INSTRUCTIONS TO FOLLOW: Your answer should be the lines below from the one with "Vietnam, Mısır milli" to the one with "Dorpek Drama Çocuk", both included, given again exactly and with nothing added.

Items from a data source
☆ ☆ ☆

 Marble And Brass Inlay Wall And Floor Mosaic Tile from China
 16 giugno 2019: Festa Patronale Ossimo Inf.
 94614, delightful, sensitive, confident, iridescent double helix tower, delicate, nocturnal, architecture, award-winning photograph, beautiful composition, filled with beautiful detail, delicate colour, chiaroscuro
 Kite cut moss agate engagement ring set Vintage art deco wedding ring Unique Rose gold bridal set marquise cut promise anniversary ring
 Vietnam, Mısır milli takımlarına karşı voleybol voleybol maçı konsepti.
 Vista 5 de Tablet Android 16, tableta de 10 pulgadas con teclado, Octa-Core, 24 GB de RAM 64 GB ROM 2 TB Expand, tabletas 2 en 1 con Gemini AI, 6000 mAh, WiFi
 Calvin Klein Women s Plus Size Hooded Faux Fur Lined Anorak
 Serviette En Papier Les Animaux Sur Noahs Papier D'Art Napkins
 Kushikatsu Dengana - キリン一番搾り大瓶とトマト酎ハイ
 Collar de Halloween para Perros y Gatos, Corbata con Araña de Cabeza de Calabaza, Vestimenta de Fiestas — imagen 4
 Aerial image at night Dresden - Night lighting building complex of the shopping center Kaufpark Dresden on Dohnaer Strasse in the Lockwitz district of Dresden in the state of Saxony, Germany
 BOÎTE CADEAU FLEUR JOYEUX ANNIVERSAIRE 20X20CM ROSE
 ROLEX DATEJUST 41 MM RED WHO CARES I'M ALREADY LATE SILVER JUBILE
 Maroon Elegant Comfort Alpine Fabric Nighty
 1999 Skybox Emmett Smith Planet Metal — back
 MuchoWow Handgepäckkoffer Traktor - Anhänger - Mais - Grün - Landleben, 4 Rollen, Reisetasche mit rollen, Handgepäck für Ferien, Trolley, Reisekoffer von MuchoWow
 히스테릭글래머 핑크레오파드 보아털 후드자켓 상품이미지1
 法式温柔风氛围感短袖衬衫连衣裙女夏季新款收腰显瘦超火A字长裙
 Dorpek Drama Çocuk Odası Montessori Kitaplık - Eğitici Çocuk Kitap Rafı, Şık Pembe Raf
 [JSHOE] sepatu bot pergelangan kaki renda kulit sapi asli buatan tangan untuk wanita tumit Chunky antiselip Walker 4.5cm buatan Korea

☆ ☆ ☆

RESULT FOR THIS TASK:
 Vietnam, Mısır milli takımlarına karşı voleybol voleybol maçı konsepti.
 Vista 5 de Tablet Android 16, tableta de 10 pulgadas con teclado, Octa-Core, 24 GB de RAM 64 GB ROM 2 TB Expand, tabletas 2 en 1 con Gemini AI, 6000 mAh, WiFi
 Calvin Klein Women s Plus Size Hooded Faux Fur Lined Anorak
 Serviette En Papier Les Animaux Sur Noahs Papier D'Art Napkins
 Kushikatsu Dengana - キリン一番搾り大瓶とトマト酎ハイ
 Collar de Halloween para Perros y Gatos, Corbata con Araña de Cabeza de Calabaza, Vestimenta de Fiestas — imagen 4
 Aerial image at night Dresden - Night lighting building complex of the shopping center Kaufpark Dresden on Dohnaer Strasse in the Lockwitz district of Dresden in the state of Saxony, Germany
 BOÎTE CADEAU FLEUR JOYEUX ANNIVERSAIRE 20X20CM ROSE
 ROLEX DATEJUST 41 MM RED WHO CARES I'M ALREADY LATE SILVER JUBILE
 Maroon Elegant Comfort Alpine Fabric Nighty
 1999 Skybox Emmett Smith Planet Metal — back
 MuchoWow Handgepäckkoffer Traktor - Anhänger - Mais - Grün - Landleben, 4 Rollen, Reisetasche mit rollen, Handgepäck für Ferien, Trolley, Reisekoffer von MuchoWow
 히스테릭글래머 핑크레오파드 보아털 후드자켓 상품이미지1
 法式温柔风氛围感短袖衬衫连衣裙女夏季新款收腰显瘦超火A字长裙
 Dorpek Drama Çocuk Odası Montessori Kitaplık - Eğitici Çocuk Kitap Rafı, Şık Pembe Raf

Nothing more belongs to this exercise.